On Sat, 28 Jul 2001, Gaute B Strokkenes wrote:
> >> Note that I did not weaken the assertions. normalize_map_pos()
> >> returns TRUE even if the tile is not normalized.
> > 
> > But when the author wrote the assertion, did they mean to assert
> > that it was a real tile, or that it was a normalized position?
> 
> In the absence of any further evidence, it seems reasonable to assume
> that the original author actually bothered to have a look at what
> normalize_map_pos() before they decided to use it.  So I think we may
> safely assume the former.

Except it is used both in places that don't need to be normalized and places
that do need to be normalized.

> > But who wrote that mess anyway?  Maybe they can shed some light on
> > what the hell they were thinking.
> 
> I don't think it's a mess and no, I didn't write it.  This part of the

So asserts with side-effects that are sometimes required and sometimes not all
over the place isn't a mess?  I must have high standards.

> code seems to have been written with the Golden Rule in mind: be
> liberal in what you accept, and conservative in what you emit.  In
> other words: accept non-normalised coordinates without barfing, and
> try to make sure that any coordinates you do produce (or pass to other
> functions) are normalised.  I think that's a perfectly reasonable
> approach to take.

You get more bugs that way.  Every bit of code needs to insure that its output
is correct, and that its input is correct.  But remembering to always check
everything is hard to do, and people WILL forget to check their output, or
input, or both.  When they do forget, it's not noticed, because everything
else accepts bad input and doesn't produce bad output.  Until you get place
with a mistake interfacing with another place with a mistake.  But now it's
hard to find the problem because the mistakes have gone so long unnoticed. 

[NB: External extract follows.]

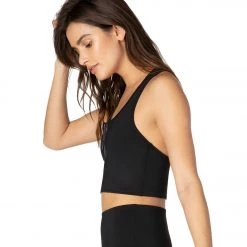 Beyond Yoga Zip By Boulevard Cropped Yoga Tank Black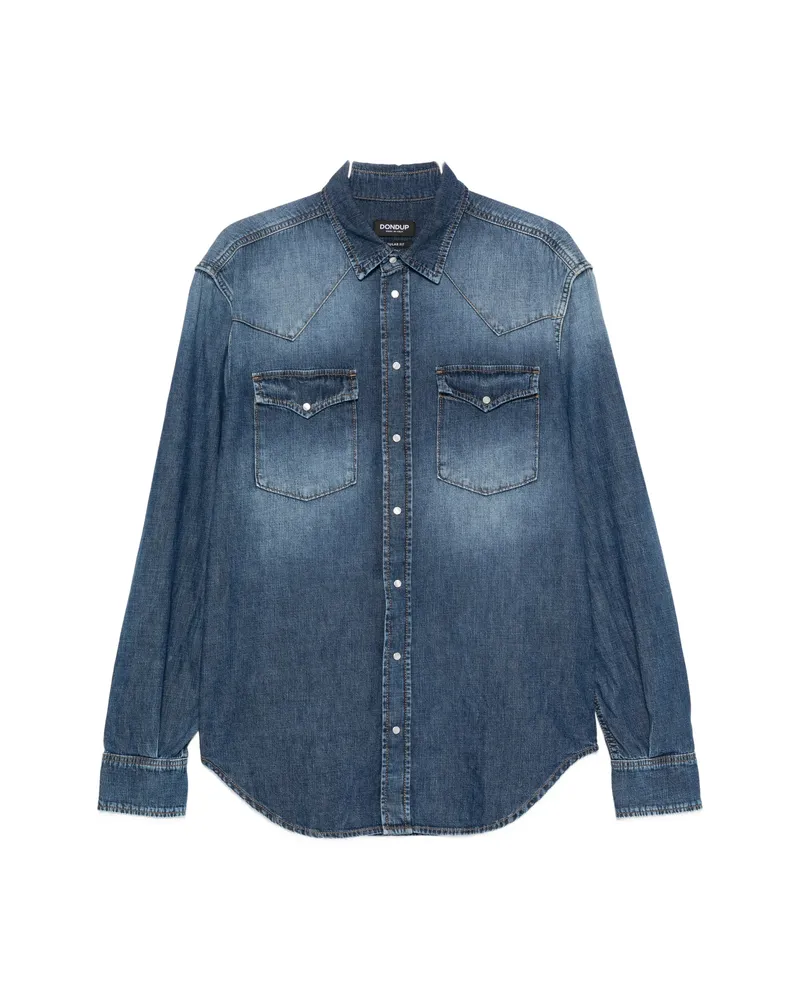 Dondup Faded-effect Western-yoke Shirt Blue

> Another reasonable approach would be to always normalise coordinates
> when you create them, and make it a hard error to attempt to use
> non-normalised coordinates.  This would avoid the overhead of
> normalising everything twice.

That way gives the best performance, and it's also what I used as an my
freeciv policy back in 1998.  It's not just twice that you have the overhead,
it's many times.  Think about data passed down a stack 10 functions deep, each
one checks both the input and output for correctness.  Only the first one
needs to actually insure correctness, and it can do this faster since that
code knows if and when the output might be wrong.  Also consider a unit the AI
looks at one million time for various calculations.  It's much faster if the
AI can assume the coordinates of the unit are valid and not have to check them
each time it looks at the unit.

There is also a third way, that's best from the perspective of code
correctness.  You made the data "opaque" so that it can only be compared,
modified, or derefereced via access functions.  You then insure that this
small set of function will never produce or fail because of bad data.  Then
all the rest of the code is officially let off the hook when it comes to
correctness.  The problem with this is that it's slower.  There is no way (and
can't be a way) to tell the access functions that you know you're passing them
correct data, or that the modification you want to make will not cause a
problem, and they don't need to deal with that.

You can see these two approaches in things like strings.  C uses the fast
method of assuming good output.  If you call printf or strcat, you need to
take care not to overflow a buffer by passing one too small.  Something like
perl uses the slower, safer method of checking for null pointers or
overflowing a buffer every time you preform a string operation.